オハイオ州ヤングスタウン(Youngstown)生まれ、ペンシルベニア州ニューキャッスル育ち。
ペンネームとして他に、ロバート・キャッスル(Robert Castle)、ロバート・ウェントワース(Robert Wentworth)、S・M・テネショー(S.M. Tenneshaw)などがある。またホラー作品専用のペンネームにヒュー・デイヴィッドスン(Hugh Davidson)がある。ハウスネーム(複数作家の共有ペンネーム)にウィル・ガース(Will Garth)、ジョン・S・エンディコット(John S. Endicott)、アレクサンダー・ブレイド(Alexander Blade)がある。「キャプテン・フューチャー」専用のハウスネームとしてブレット・スターリング(Brett Sterling)がある。
妻はSF作家のリイ・ブラケット。
ハミルトン作品の邦訳第一号は国枝史郎訳のアンソロジー「恐怖街」(1939年、松光書院)に収載された「獣人」(Beasts That Once Were Men、1936年) である[1]。
生涯
[編集]父スコット・B・ハミルトンは鉄工所を経営し、新聞の寄稿漫画家でもあった。ハミルトン家はスコットランド系アイルランド人で、ウェールズ系やアメリカ・インディアンの血も引いており、代々長老派教会の信徒であった。母親モード・ホィーナリイは元教師でクエーカー教徒だった。ハミルトンの誕生後間もなく、父親が農場経営に失敗し、貧困生活を送った末、6歳の時に母親の故郷ニューキャッスルに転居、父親は地方新聞社に就職した。10歳でハイスクールに入学し、14歳で厳格な長老派教会の学校であるウェストミンスター・カレッジに入学し、物理学を専攻する。しかし、周囲の学生との年齢差に悩み、『オールストーリー・マガジン』誌や『アーゴシー』誌などのパルプ・マガジンのファンタジー小説にのめりこむようになる。その結果、学業や礼拝をおろそかにするようになり、3年次の半ば、17歳で放校される。その後ペンシルベニア鉄道のパート職を転々とする。

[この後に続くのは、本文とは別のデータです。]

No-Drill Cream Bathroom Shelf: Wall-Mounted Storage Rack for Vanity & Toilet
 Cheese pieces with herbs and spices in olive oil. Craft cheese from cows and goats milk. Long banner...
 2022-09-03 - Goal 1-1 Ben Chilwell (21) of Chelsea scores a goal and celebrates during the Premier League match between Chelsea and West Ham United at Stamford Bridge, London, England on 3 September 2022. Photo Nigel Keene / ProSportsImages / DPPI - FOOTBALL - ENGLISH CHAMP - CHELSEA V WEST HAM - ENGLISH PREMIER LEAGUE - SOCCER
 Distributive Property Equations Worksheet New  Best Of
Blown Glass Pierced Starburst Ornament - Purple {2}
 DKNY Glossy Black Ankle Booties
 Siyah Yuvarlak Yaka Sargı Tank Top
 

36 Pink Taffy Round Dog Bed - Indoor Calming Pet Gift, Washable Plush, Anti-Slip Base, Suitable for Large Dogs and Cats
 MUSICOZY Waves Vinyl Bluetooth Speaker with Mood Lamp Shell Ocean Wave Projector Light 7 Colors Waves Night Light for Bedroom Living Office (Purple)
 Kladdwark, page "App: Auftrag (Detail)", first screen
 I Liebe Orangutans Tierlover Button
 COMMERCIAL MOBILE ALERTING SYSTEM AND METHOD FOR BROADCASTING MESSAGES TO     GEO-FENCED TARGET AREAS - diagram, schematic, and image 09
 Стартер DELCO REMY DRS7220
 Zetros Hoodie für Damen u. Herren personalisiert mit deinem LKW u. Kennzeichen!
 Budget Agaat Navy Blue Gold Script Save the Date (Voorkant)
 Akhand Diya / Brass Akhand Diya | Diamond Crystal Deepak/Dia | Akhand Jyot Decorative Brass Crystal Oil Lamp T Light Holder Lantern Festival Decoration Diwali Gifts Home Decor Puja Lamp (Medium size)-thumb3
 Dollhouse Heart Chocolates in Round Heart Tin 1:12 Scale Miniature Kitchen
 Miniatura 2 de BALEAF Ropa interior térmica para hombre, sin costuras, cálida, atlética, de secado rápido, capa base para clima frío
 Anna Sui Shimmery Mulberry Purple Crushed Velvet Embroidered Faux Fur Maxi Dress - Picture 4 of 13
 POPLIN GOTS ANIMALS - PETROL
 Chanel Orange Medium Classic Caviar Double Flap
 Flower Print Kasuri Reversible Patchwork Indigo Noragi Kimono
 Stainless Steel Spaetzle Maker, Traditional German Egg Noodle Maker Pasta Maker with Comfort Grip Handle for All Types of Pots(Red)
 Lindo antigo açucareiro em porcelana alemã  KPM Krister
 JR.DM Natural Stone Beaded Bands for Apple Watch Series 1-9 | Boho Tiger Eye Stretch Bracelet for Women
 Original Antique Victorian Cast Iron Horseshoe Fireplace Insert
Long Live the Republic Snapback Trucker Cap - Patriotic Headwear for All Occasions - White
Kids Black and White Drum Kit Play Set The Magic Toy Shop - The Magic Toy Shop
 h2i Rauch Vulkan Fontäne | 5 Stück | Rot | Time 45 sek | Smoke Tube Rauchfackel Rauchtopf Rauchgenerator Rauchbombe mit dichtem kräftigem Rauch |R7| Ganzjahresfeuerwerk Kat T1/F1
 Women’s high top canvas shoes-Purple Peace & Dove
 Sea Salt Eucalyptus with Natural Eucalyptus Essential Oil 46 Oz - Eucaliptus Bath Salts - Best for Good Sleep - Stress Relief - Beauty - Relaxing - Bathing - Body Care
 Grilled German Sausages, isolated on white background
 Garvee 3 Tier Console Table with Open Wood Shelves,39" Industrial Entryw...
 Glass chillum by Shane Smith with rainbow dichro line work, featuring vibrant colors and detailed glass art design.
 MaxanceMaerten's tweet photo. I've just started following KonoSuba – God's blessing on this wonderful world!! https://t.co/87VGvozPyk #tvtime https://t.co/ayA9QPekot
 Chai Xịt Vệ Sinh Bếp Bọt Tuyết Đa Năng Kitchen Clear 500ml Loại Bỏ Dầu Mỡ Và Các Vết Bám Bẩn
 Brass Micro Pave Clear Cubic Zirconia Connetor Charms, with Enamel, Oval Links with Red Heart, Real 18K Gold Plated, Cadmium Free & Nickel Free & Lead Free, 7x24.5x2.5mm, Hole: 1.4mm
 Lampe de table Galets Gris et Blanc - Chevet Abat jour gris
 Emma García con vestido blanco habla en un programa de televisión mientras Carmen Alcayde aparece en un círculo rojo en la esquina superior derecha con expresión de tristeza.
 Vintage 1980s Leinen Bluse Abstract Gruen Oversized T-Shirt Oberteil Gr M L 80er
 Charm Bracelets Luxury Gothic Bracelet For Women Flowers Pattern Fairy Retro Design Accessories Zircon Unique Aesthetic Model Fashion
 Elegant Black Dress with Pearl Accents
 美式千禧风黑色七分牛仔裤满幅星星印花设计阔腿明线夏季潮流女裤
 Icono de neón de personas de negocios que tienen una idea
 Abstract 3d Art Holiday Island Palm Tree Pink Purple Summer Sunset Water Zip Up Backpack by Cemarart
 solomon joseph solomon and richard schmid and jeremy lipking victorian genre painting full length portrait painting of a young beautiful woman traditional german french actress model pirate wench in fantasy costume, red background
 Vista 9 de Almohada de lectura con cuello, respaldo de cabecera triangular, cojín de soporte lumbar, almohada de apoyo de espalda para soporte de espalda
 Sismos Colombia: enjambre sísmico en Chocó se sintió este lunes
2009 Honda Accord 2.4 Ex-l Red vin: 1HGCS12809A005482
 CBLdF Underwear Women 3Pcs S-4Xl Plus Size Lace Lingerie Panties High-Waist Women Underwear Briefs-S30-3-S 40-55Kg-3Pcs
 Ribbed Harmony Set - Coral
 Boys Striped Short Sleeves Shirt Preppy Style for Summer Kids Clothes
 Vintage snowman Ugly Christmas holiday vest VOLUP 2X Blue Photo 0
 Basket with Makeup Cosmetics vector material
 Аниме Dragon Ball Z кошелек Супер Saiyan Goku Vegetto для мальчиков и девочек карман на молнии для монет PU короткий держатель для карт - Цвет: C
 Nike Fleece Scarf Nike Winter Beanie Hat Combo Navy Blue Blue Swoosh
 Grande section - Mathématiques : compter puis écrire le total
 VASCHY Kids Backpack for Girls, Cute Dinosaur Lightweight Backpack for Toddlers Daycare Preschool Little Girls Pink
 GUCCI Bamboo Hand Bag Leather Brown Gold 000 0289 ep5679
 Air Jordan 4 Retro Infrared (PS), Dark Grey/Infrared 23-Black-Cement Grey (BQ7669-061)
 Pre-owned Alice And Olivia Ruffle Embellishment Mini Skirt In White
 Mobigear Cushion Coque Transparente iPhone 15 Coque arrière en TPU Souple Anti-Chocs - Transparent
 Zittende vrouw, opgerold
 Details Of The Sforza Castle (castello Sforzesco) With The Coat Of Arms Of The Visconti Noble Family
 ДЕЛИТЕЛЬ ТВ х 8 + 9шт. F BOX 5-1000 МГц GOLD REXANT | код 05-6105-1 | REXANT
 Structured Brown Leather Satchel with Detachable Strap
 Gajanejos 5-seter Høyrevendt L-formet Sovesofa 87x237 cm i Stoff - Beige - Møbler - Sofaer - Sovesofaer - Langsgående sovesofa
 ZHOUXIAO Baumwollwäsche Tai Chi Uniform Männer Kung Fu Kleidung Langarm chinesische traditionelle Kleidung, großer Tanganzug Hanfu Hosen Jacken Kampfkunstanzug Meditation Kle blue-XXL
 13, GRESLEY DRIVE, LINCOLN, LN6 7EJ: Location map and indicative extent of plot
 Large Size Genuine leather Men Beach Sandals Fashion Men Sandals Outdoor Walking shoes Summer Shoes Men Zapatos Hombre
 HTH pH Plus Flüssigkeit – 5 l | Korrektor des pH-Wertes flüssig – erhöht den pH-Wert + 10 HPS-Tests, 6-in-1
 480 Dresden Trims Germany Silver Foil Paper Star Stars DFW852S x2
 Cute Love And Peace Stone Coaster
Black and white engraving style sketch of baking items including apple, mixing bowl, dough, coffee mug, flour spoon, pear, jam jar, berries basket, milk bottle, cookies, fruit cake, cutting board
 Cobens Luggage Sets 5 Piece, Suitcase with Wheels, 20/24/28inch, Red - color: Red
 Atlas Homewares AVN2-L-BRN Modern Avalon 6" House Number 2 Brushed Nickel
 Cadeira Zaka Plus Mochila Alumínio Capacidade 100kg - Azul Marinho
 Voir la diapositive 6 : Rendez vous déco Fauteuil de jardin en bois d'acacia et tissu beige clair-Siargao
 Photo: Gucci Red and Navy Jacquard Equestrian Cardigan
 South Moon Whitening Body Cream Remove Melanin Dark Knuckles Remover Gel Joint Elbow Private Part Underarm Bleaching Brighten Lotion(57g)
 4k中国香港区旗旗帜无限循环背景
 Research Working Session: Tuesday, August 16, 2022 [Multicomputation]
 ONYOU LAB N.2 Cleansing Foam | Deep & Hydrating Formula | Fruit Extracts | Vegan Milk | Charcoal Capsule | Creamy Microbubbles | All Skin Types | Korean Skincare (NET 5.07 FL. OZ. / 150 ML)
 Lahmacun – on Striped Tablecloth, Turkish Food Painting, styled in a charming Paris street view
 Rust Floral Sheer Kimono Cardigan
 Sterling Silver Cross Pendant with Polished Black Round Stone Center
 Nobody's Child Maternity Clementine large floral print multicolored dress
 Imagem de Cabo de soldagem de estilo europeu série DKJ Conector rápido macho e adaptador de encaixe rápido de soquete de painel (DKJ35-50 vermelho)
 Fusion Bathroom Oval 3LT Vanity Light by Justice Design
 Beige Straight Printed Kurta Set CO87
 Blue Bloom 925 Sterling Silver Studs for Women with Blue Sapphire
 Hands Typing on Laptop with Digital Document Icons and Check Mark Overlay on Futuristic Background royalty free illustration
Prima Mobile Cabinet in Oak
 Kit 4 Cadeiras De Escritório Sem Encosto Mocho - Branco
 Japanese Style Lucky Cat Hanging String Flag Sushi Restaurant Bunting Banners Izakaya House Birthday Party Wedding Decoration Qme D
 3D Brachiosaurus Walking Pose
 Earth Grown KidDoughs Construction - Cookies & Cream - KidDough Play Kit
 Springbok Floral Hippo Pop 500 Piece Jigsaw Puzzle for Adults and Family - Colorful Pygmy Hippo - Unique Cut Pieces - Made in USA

1924年、20歳で処女短編「Beyond the Unseen Wall」を書き、『ウィアード・テイルズ』誌に持ち込む。同作は改稿の末、『ウィアード・テイルズ』誌1926年8月号に「マムルスの邪神」(The Monster-God of Mamurth)として掲載され、作家デビューする。続けて第2作となる長編「Across Space」(火星人が地球を滅ぼすために他の惑星を軌道から引き離してぶつけようとするというストーリー)を執筆し、『ウィアード・テイルズ』誌1926年9月号から11月号に掲載される。1928年、短編「凶運の彗星」(The Comet Doom)を『アメージング・ストーリーズ』誌に発表し、メジャー誌にデビューを果たす。しかし、狭いファン層向けのマイナー雑誌『ウィアード・テイルズ』への恩を忘れず、H・P・ラヴクラフトやロバート・E・ハワードらと共に中核メンバーであり続け、以後1948年までに79編の作品を同誌に寄稿している。
SF黎明期に多くのスペースオペラを発表し、地球規模、あるいは宇宙規模のクライシスを数多く描き、「ワールドレッカー(宇宙破壊者)」「ワールドセイヴァー(世界救済者)」の異名をとった。当時の作品は深みには乏しいもののアイディアが豊富で、その後のSFでしばしば使われるガジェットが多数含まれている。この時期の主な作品に「星間パトロール」シリーズ、「スターキング」シリーズ、「キャプテン・フューチャー」シリーズがある。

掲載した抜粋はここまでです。